Although another two-thirds victory for the Fidesz–KDNP alliance appears to show that the ruling parties remain strong, we should be cautious. So far, we have been too glib in talking about “Fidesz”, when there is no evidence that the party actually exists. There has been no talk of internal disputes or factions for years, but all the more of rivalries between bloated, overgrown government ministries. Fidesz has not drafted a party programme in over two decades. Last election, the party’s slogan was “We will continue”. In 2022, it was the equally meaningless “Hungary goes forward, not backwards”.

It is impossible to say what Fidesz intends to do next. What is left is Viktor Orbán, who dominates European political discourse to a degree that far outstrips Hungary’s relative importance — although this is a reflection not of his qualities as such, but of the state of the EU as a whole. In any case, he is the source of almost all political emotion in Hungary: Péter Márki-Zay, for example, made it a point to mention the prime minister’s name at least 50 times in a few minutes of his speeches.

This myopic focus on Orbán obscures Hungary’s broader social and political reality — that has been true for a long time. That said, the future remains open, as we are currently in the middle of a worsening economic crisis that is already eroding the support the governing parties cobbled together over the past six months, while a war continues to rage in the country’s geopolitical backyard.

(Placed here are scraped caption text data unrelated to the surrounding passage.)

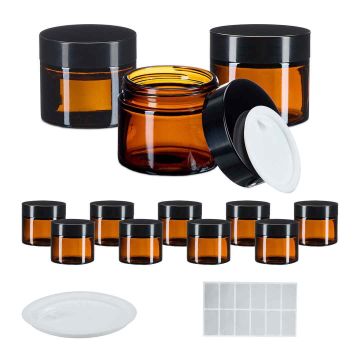 Kosmētikas trauciņi Relaxdays, 12 gab., 60 ml, brūna/melna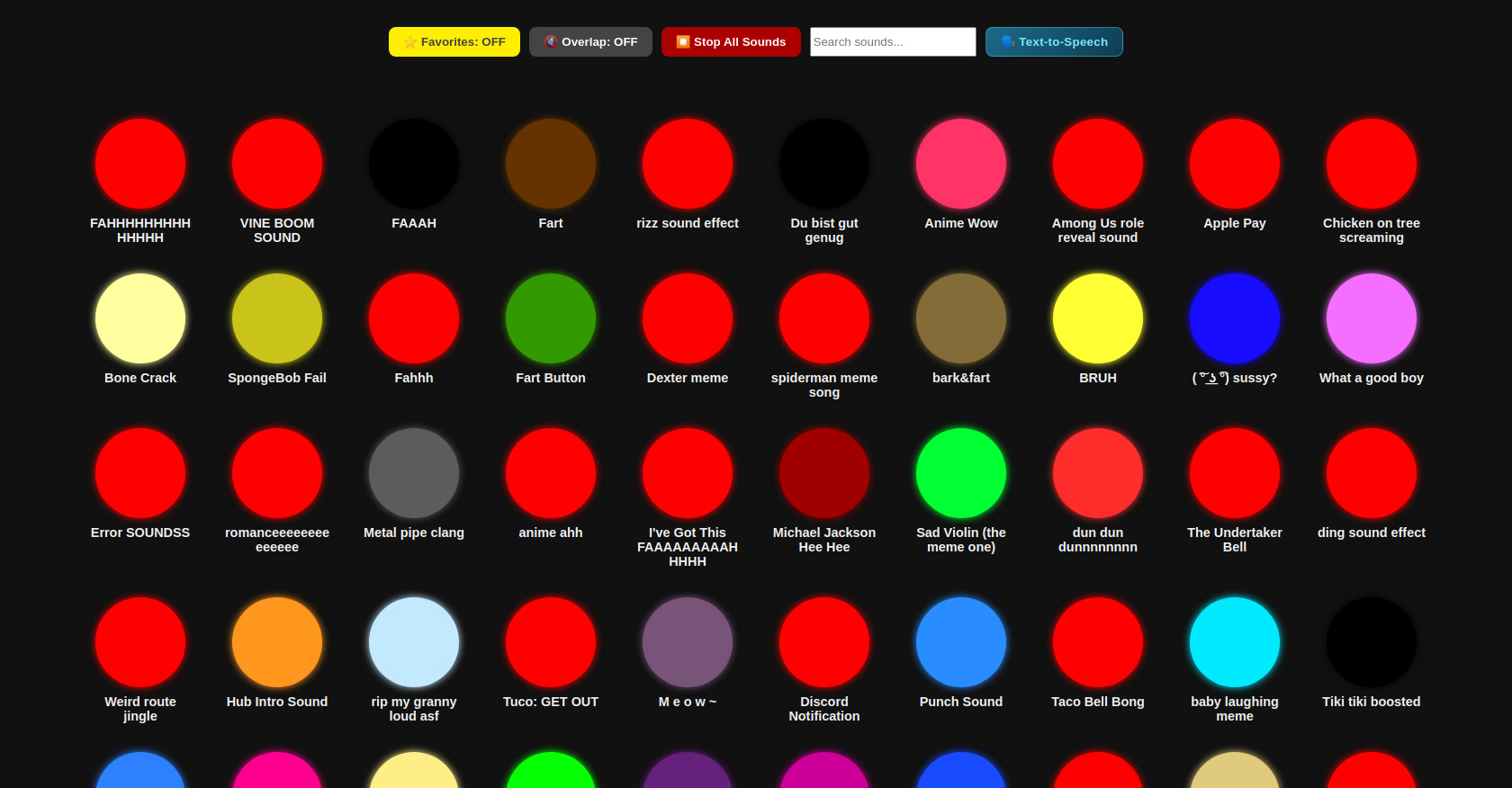 Interactive Soundboard with TTS in HTML and JavaScript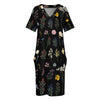 Wildflowers Black V Neck Loose Pocket Dress up to 5 XL (FWS)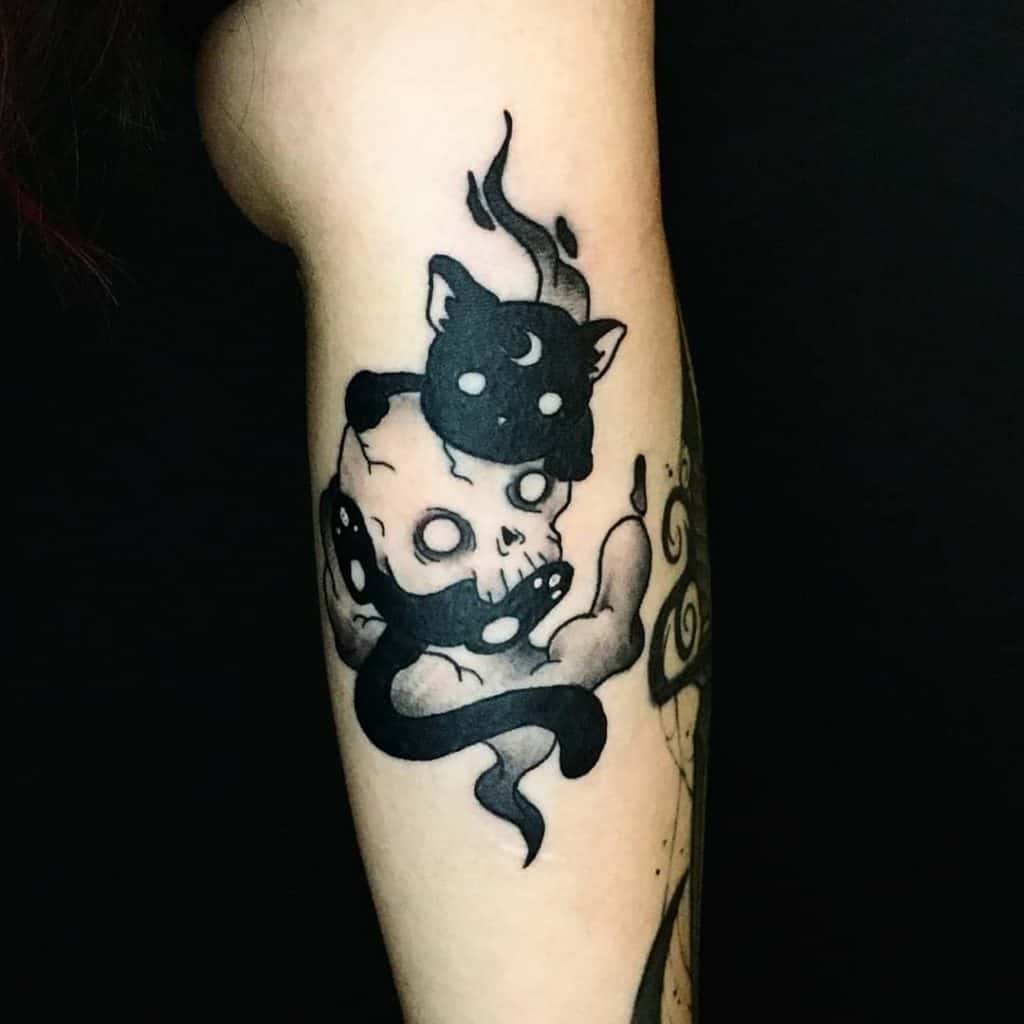 Black Cat with Tribal Design Temporary Tattoo – Temporary Tattoos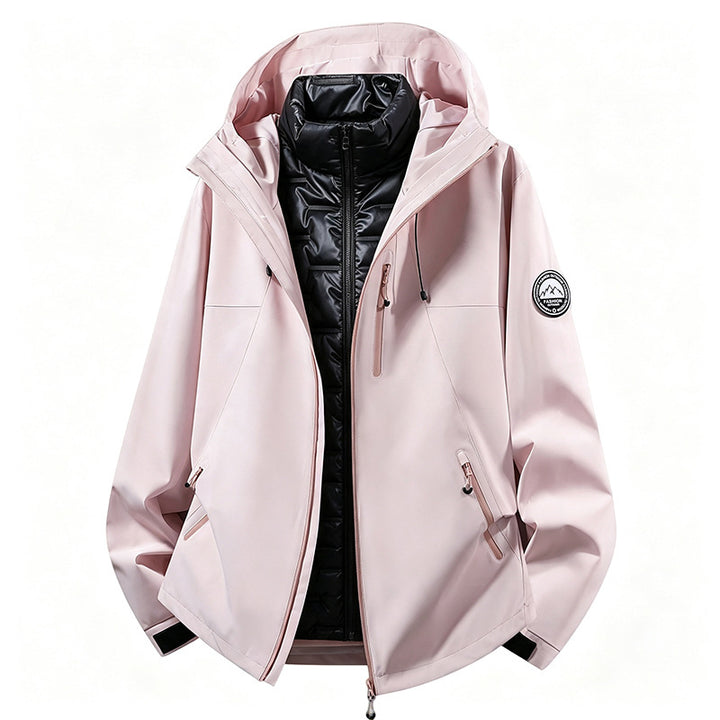 Unisex wetterfeste dreiteilige Softshelljacke mit abnehmbarer Steppinnenjacke und Kapuze Drune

At the same time, Hungary is becoming increasingly isolated. For a country with large ethnic minorities living in neighbouring countries, this could be a tragic development. Just as tragic, however, is that — due to the overwhelming dominance of pro-Fidesz media and the sense of external threat maintained by the government — most Hungarians remain unaware of both the causes of that crisis as well as their country’s growing isolation.